_PROBLEM STATEMENT_
Only the lines from the one that contains "People wait in" through the last line of the data below should be duplicated, exactly and without pictures.

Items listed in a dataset

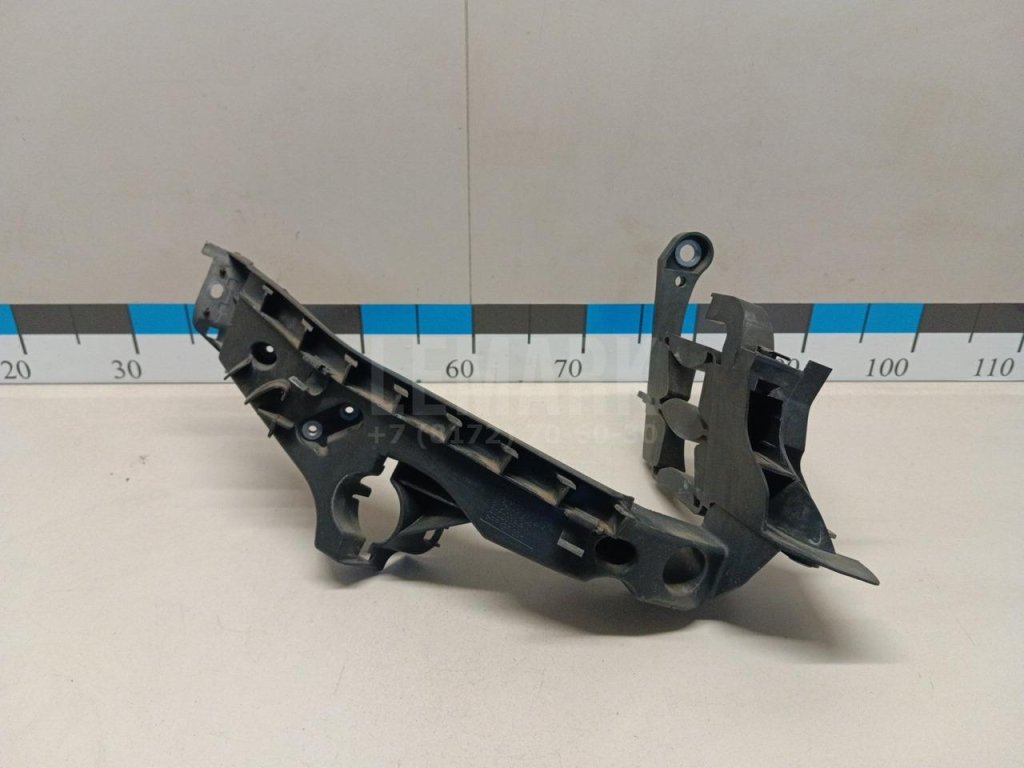 Кронштейн фар правый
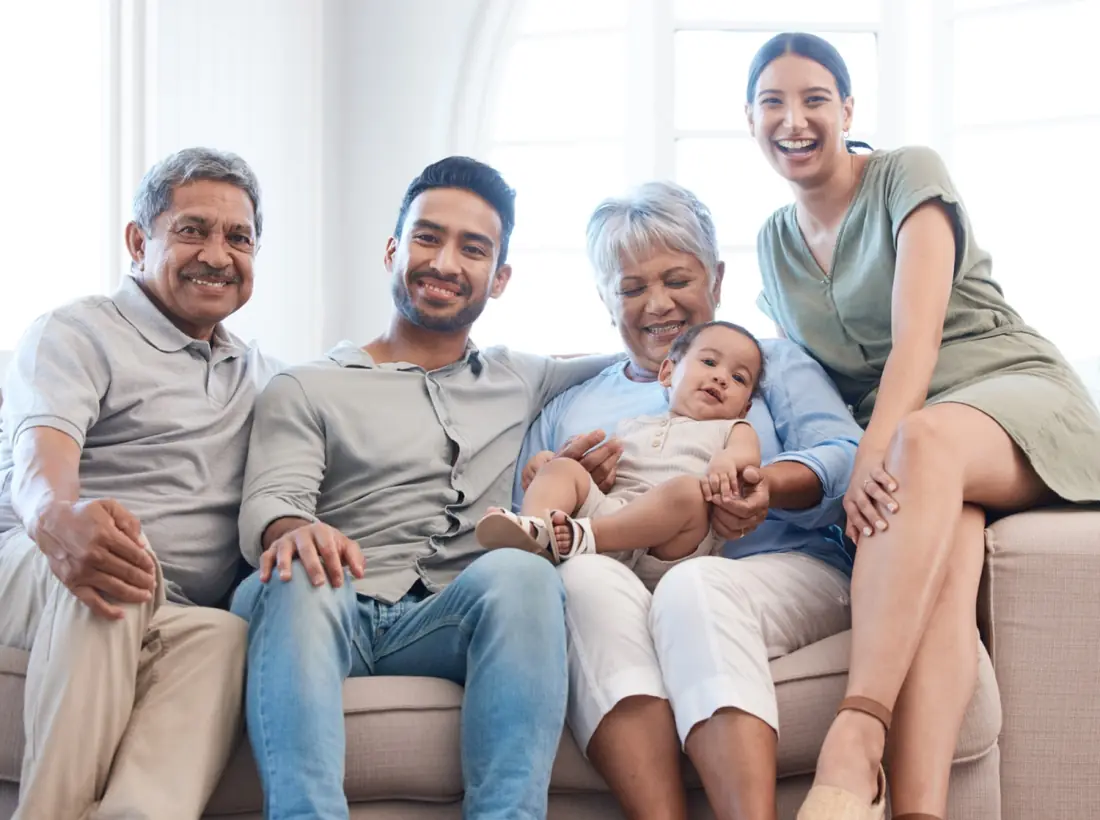 Four generations of one family sitting together on a sofa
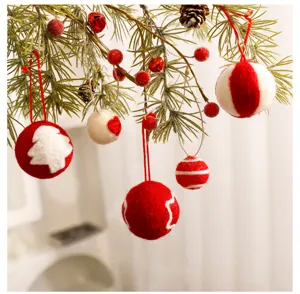 Nahaufnahme handgefertigter Weihnachtskugeln aus Filz an Tannenzweigen mit roten Beeren dekoriert.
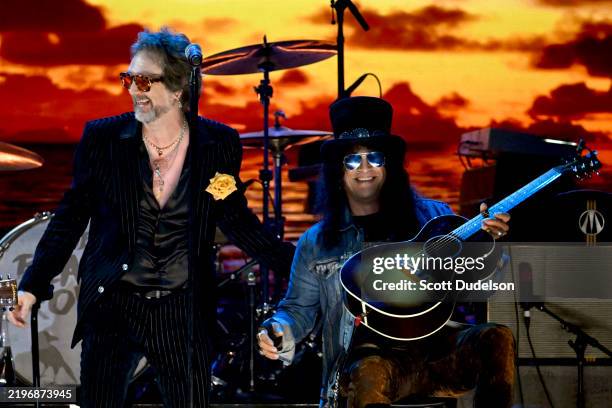 Chris Robinson of The Black Crowes and Slash perform onstage during the FIREAID Benefit Concert for California Fire Relief at The Kia Forum on...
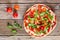 Pizza with arugula and cherry tomatoes against rustic wood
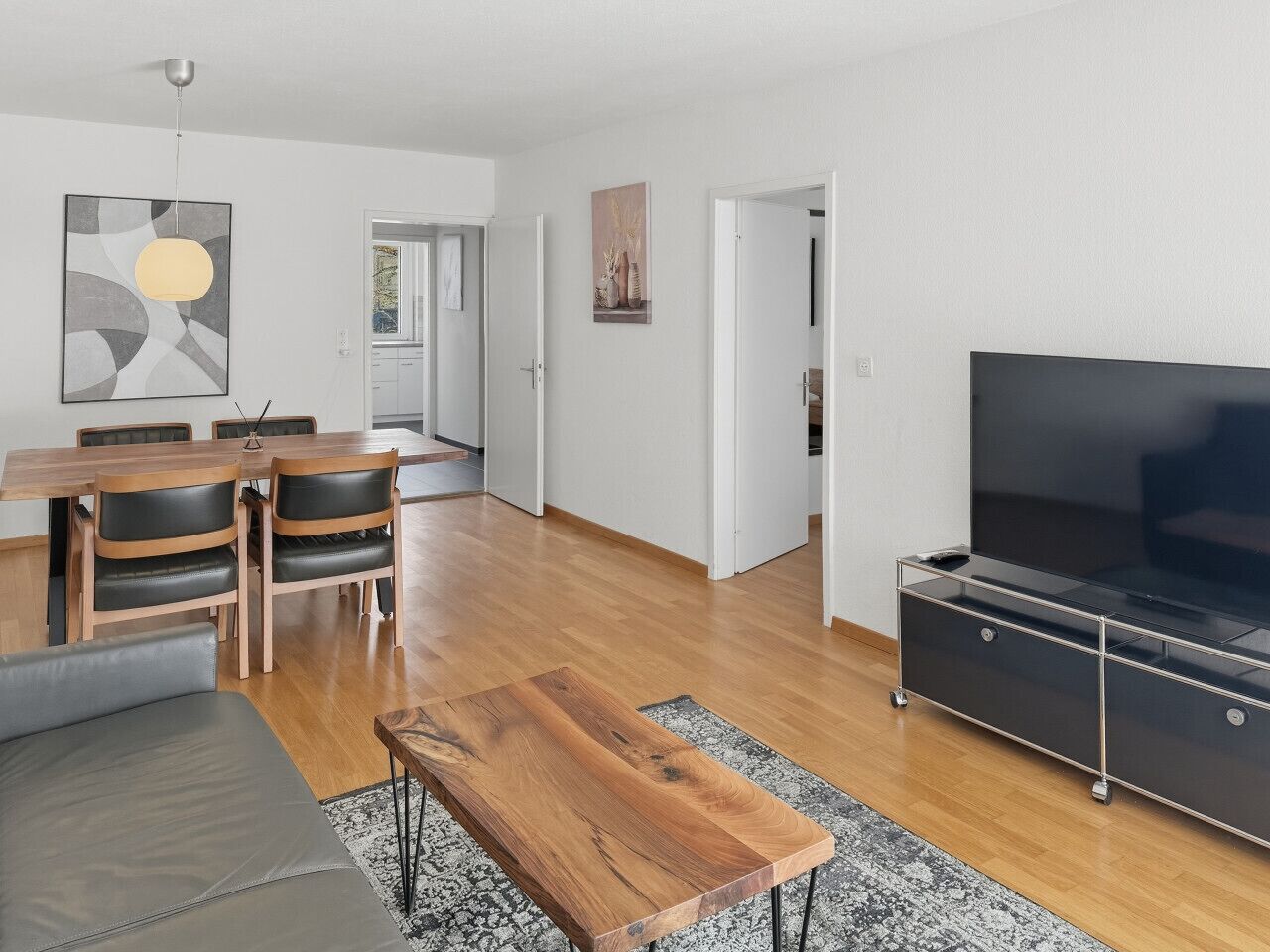 Ett modernt vardagsrum med ett matbord i trä, stolar, en soffa, en tv och en matta.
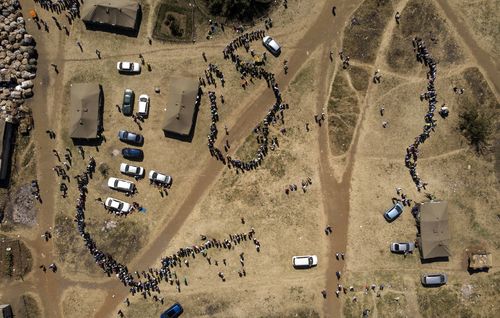 People wait in a queue to cast their vote at a polling station in Harare, Zimbabwe, Monday, July 30, 2018. Zimbabweans on Monday voted in their first election without Robert Mugabe on the ballot, a contest that could bring international legitimacy and investment or signal more stagnation if the vote is seriously flawed. (AP Photo/Bram Janssen) 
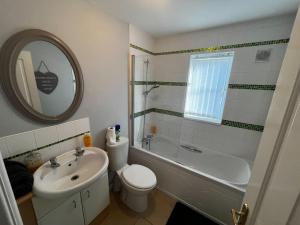 Modern 3 Bedroom House Close to Liverpool Centre في West Derby: حمام مع حوض وحوض استحمام ومرحاض ومغسلة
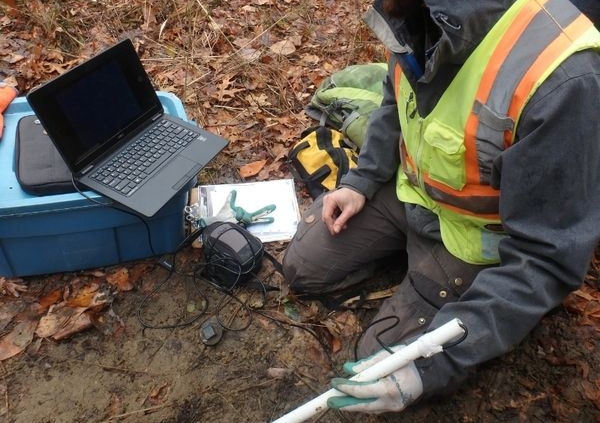 Biologist Jonathan Choquette using a borescope camera and laptop to monitor gartersnakes hibernating in an artificial hibernaculum.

_YOUR SOLUTION_
 People wait in a queue to cast their vote at a polling station in Harare, Zimbabwe, Monday, July 30, 2018. Zimbabweans on Monday voted in their first election without Robert Mugabe on the ballot, a contest that could bring international legitimacy and investment or signal more stagnation if the vote is seriously flawed. (AP Photo/Bram Janssen) 
 Modern 3 Bedroom House Close to Liverpool Centre في West Derby: حمام مع حوض وحوض استحمام ومرحاض ومغسلة
 Biologist Jonathan Choquette using a borescope camera and laptop to monitor gartersnakes hibernating in an artificial hibernaculum.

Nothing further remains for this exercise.